Today the atmosphere of rebellion was different than previous days. It can be said that the difference between men and women in Thailand starts when they speak. They use different language diminutives to address whether they are male and female, so just by hearing someone speak you can determine their sex. Like any other day, the women were in uniform and all sitting in the front of the room, while the men sat in the back of the room with their white shirts un-tucked from their jeans.
I could only imagine what went through the female substitute’s mind when these young men pulled out a deck of cards and started placing money on the table. A heavy-set Thai with short black hair strikes it lucky and leaps a foot into the air. The small shriek he lets out is accentuated by the strong stench of spicy salad still on his breathe from lunch. The teacher does her best to keep up with the growing noise in the back of the class but little can be done to overpower Pao’s winning streak.
Truly the sights and sounds of the revolution were in the hearts and minds of the citizens. The Thai’s are great at hiding their true emotions, and instead they chose to replace them with hurried smiles.
As I walk down Sukhumvit road, the main artery of Bangkok, I notice very little change in the manner of the people. There are some armed soldiers at particular intersections, but the Thais show absolutely no concern – at least on the outside.

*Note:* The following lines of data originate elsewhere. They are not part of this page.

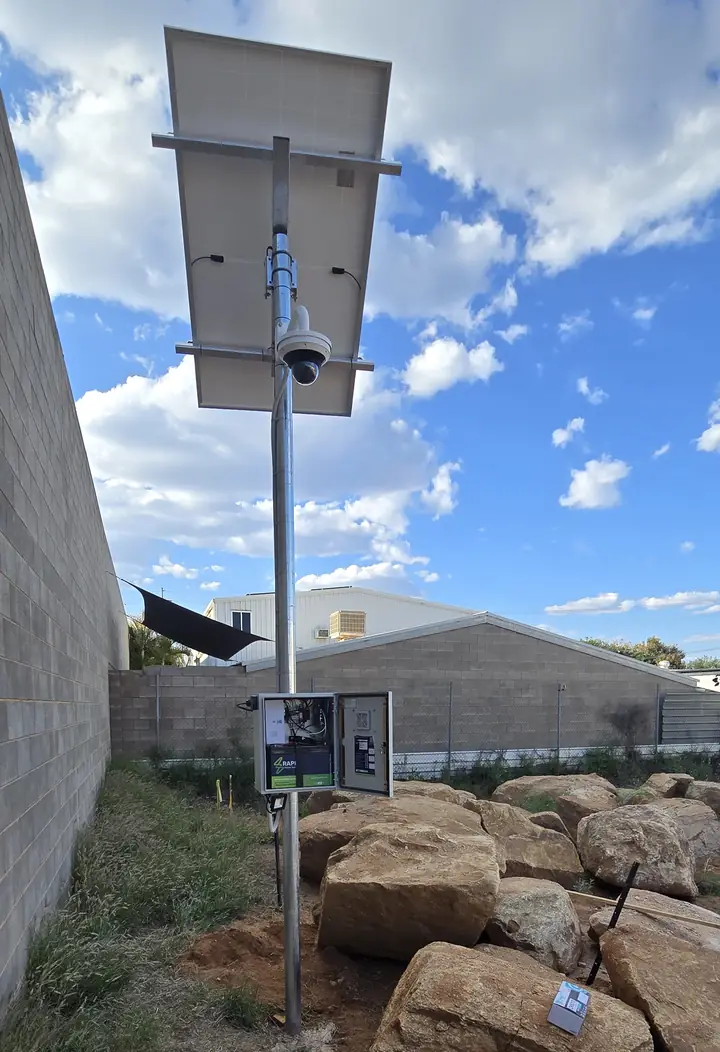 A solar-powered camera pole we fitted out: a Hanwha Wisenet PTZ camera under the solar panel, with the control cabinet on the pole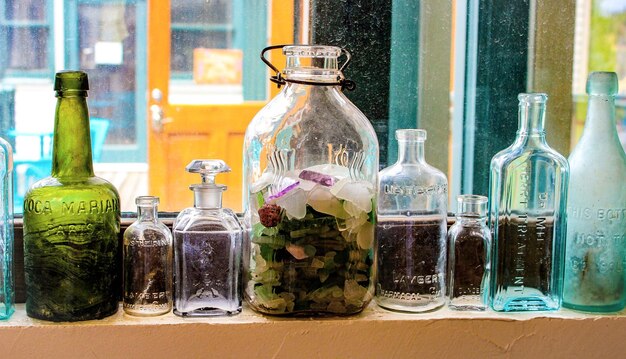 Photo empty bottles on widow sill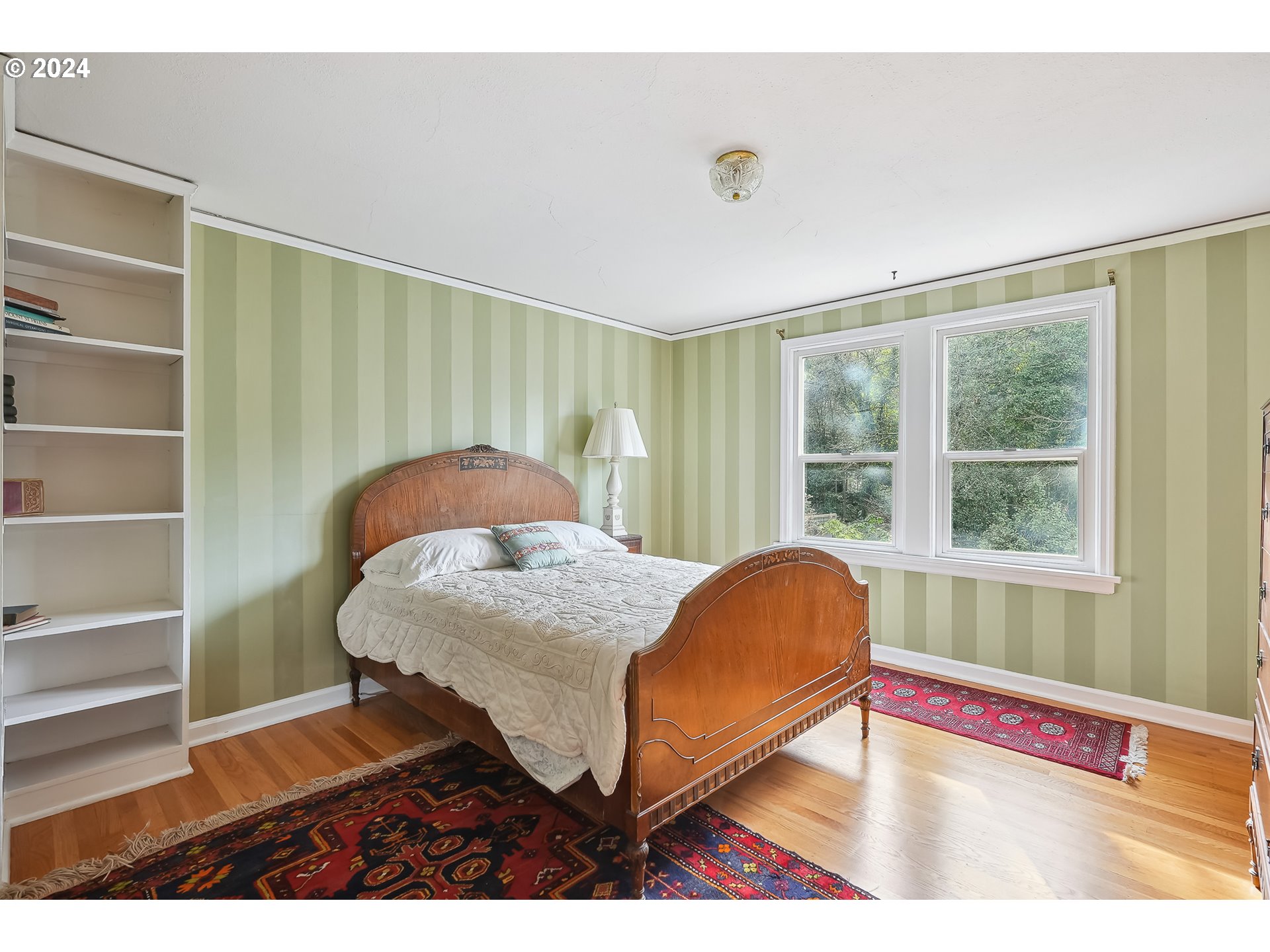 1628 Southwest College Street Portland, OR 97201 - Photo 15 of 25 a living room with a bed and a window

As I pass Soi Nana, I was almost pleased to see the old European men with their tiny dark-skinned Thai escorts. For me, this had become a sight of normalcy, and now reassuring proof that the coup had not been frightening enough to stop the large Turkish sex-tourist population.
The katoeys (or transvestites) I passed by, slicked their soft hands down my shoulders and whispered sa wadee ka into my ear, reconfirming that they indeed define themselves as women despite their large feet and Adam’s apple – a state of normalcy that continued to keep me smiling.
Walking by the street vendors trying to sell me pirated DVD’s and various opium pipes also seemed to make me happy. One man walks beside me and whispers in my ear, “Boom boom, ping pong show, sexy DVD.” Bangkok nightlife at its tamest is not even close to boring.
Before I turn down my friend’s street, I hear an old woman singing a familiar tune. It is not uncommon to see old, blind people walking down Sukhumvit with a microphone and an static-stricken speaker hung over their shoulders chanting some sort of hypnotic Thai tune – yet this tune seems to be drawing the crowd in towards the wrinkly old woman’s fleshy black eye sockets.
People are wai-ing (a Thai bow where you press both palms together) and giving the woman more than just pocket change. A katoey slips a 50 baht bill in the woman’s cup and wais. “Hok sib…..hok sib….hok sib,” is all I can get out of what the woman is chanting, but I know exactly what it is about. She is singing the song of the revolution, and proclaiming her love for their mighty king who has led them fearlessly through countless military infractions and corrupt governments; but, has yet to steer his beloved country down the wrong the path. For the patrons that slowly gather around her, her gait is clear. If she had eyes, she would cry.